From x + 4 = 0, we get x = -4

From x - 9 = 0 , we get x = 9

**Therefore x can be 9 and -4.**

The given geometric progression is x, 6 and x-5.

We assume the first term is a1 = x, then the 2nd term a2 = ar and the 3rd term is a2 = a1 *r^2 = x-5.

Therefore a2 /a1 = a3/a2 = r.

=> 6/x = (x-5)/6 .

We multiply both sides by 6x and get:

6^2 = x(x-5)

36 = x^2-5x.

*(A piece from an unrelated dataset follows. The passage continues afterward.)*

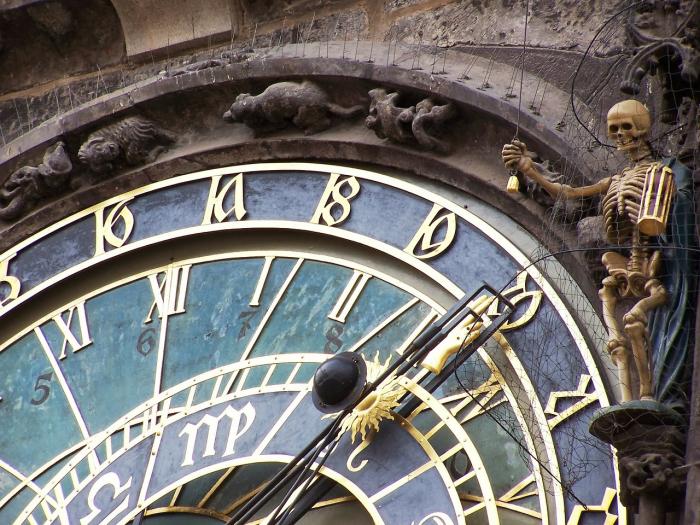 Eltűnt a híres prágai csillagászati óra naptára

Or x^2-5x-36 = 0

=> (x-9)(x+4) = 0.

So x -9 = 0 or x+4 = 0.

=**> x= 9 or x= -4.**

If x= 9, then 6 and 9-5 = 4 are the terms.

If x= - 4, then 6 and -4-5 = -9 are the terms.

So (9, 6, 4 with common ratio 2/3) or ( -4, 6, -9 with common ratio -3/2) are the terms of GP.

The terms x,6,x-5 are the consecutive terms of a geometric progression (series) if and only if the middle term is the geometric mean of the neighbor terms:

6 = sqrt[x*(x-5)]

We'll raise to square both sides:

36 = x(x-5)

We'll use the symmetric property and we'll remove the brackets:

x^2 - 5x = 36

We'll subtract 36:

x^2 - 5x - 36 = 0

We'll apply the quadratic formula:

x1 = [5 + sqrt(25 + 144)]/2

x1 = (5+13)/2

**x1 = 9**

x2 = (5-13)/2

**x2 = -4**

**We'll check the solution:**

For x = -4:

-4 , 6 , -9

6/-4 = -3/2

-9/6 = -3/2

So, the common ratio of the g.p. whose terms are -4 , 6 , -9, is r = -3/2.

For x = 9

9 , 6 , 4

6/9 = 2/3

4/6 = 2/3

So, the common ratio of the g.p. whose terms are 9 , 6 , 4 is r = 2/3.